Ridge regression is a variation of least squares in that it adds a penalty to having large parameter values. This penalty is tunable and will change the model bias-variance trade-off. For a linear unconstrained ridge regression, the objective takes the following form: both norms are taken in the l2 sense.
\[\min_x f(x) = ||y - Ax||^2 + \lambda ||x||\]This has the following gradient.
\[\nabla f(x) = -2 A^T(y - Ax) + 2\lambda x\]We can solve this optimization problem rather simply since $f$ is convex, by setting the gradient equal to zero and solving the resulting equation.
\[\nabla f(x) = -2 A^T(y - Ax) + 2\lambda \mathcal{I} x = 0\] \[(A^T A + \lambda \mathcal{I}) x = A^Ty\]If you specify a nonzero $\lambda$, this system is always invertible; therefore, we always have a unique solution. Modern BLAS packages can solve this linear system quite efficiently. But in general, solving linear systems has a time complexity of $\mathcal{O}(n^3)$ where n is the dimensionality of the number of parameters. For systems of less than a few thousand examples, however, this is not a difficult task. Since we have an expression for the gradient, we can also employ a host of interactive unconstrained optimization methods without numerical approximation to tackle this problem, such as gradient descent and conjugate gradient methods. I will not be writing the code for that here, but I will compare various gradient descent algorithms using this as a test problem in a future post.
Here I will compute the ridge plot of a noisy model generated from a 4th order polynomial to show how the $\lambda$ parameters have on the regressed parameters. I included all of the python 3.7 code required to generate these plots at the bottom.
And this is what the regressed functions look like as you change the $\lambda$ parameter.
#generate random polynomial coefficents
cooef = numpy.random.rand(5) - .5
#generate 1000 evenly spaced points between 0 and 2
p = numpy.linspace(-2, 2, 1000)
#Build our A matrix
A = numpy.block([[0*p+1], [p], [p**2], [p**3], [p**4]]).T
# generate our data points
y = A@cooef + .1*numpy.random.randn(1000)
#solve the ridge regression over lambda [10^-5, 10^3] spaced exponentially
lambdas = numpy.power(10, numpy.linspace(-8, 5, 10000))

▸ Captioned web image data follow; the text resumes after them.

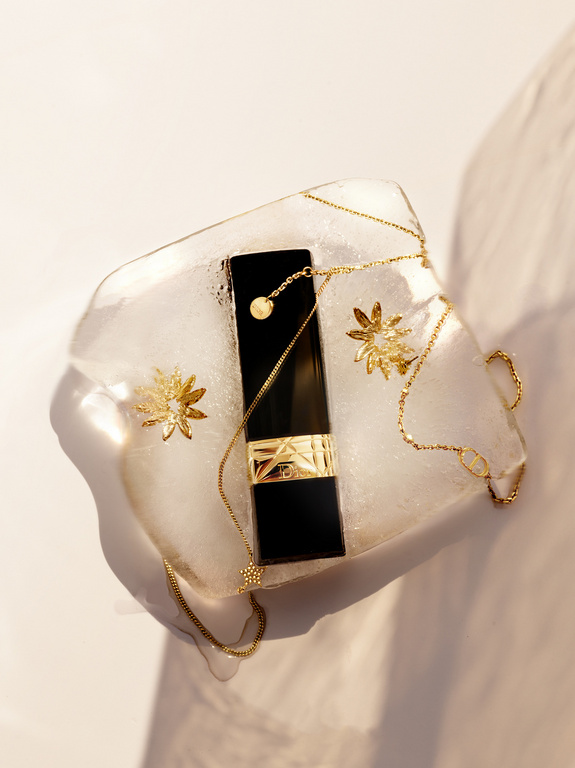 Elegant beauty still life featuring a black lipstick tube with gold floral accents and chain on a clear textured surface.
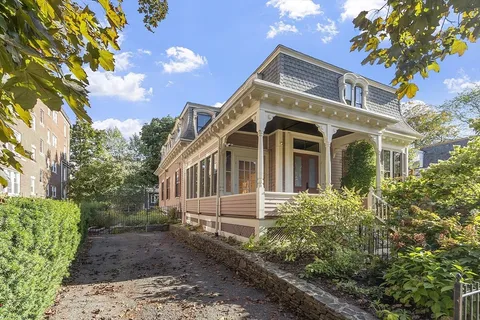 a front view of a house with garden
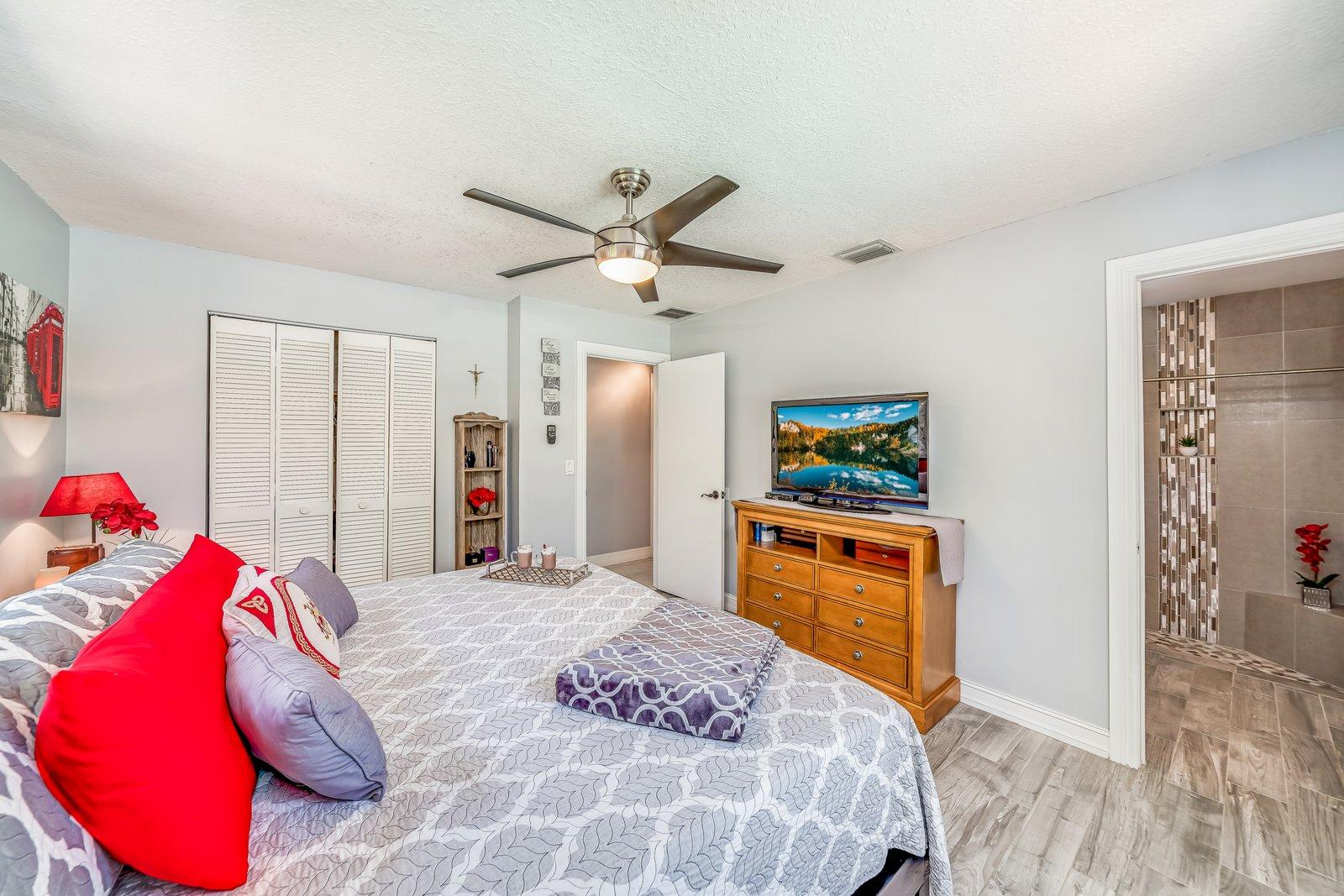 22206 Aquila Street Boca Raton, FL 33428 - Photo 33 of 73 a bedroom with a bed and a chandelier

#pre-cache some common veriables
b = A.T@y
P = A.T@A
regressed_cooefs = numpy.zeros((10000, 5))
for i, lambda_ in enumerate(lambdas):
regressed_cooefs[i] = numpy.linalg.solve(P + lambda_*numpy.eye(P.shape[0]), b)
plt.plot(lambdas, regressed_cooefs)
plt.xscale('log')
plt.legend( [rf'$\beta_{i}$' for i in range(5)])
And here is the code to generate the gif
import gif
@gif.frame
def plot_step(i:int):
fig, ax = plt.subplots(figsize=(5,3), dpi = 200)
ax.plot(p, y)
ax.plot(p, A@regressed_cooefs[i])
ax.set_title(rf'$\lambda$ = {lambdas[i]}')
ax.set_ylim((-1, 3))
frames = []
for i in range(len(lambdas)):
if i % 100 == 0:
frame = plot_step(i)
frames.append(frame)
gif.save(frames, 'yehaw.gif', duration=5, unit='s', between='startend')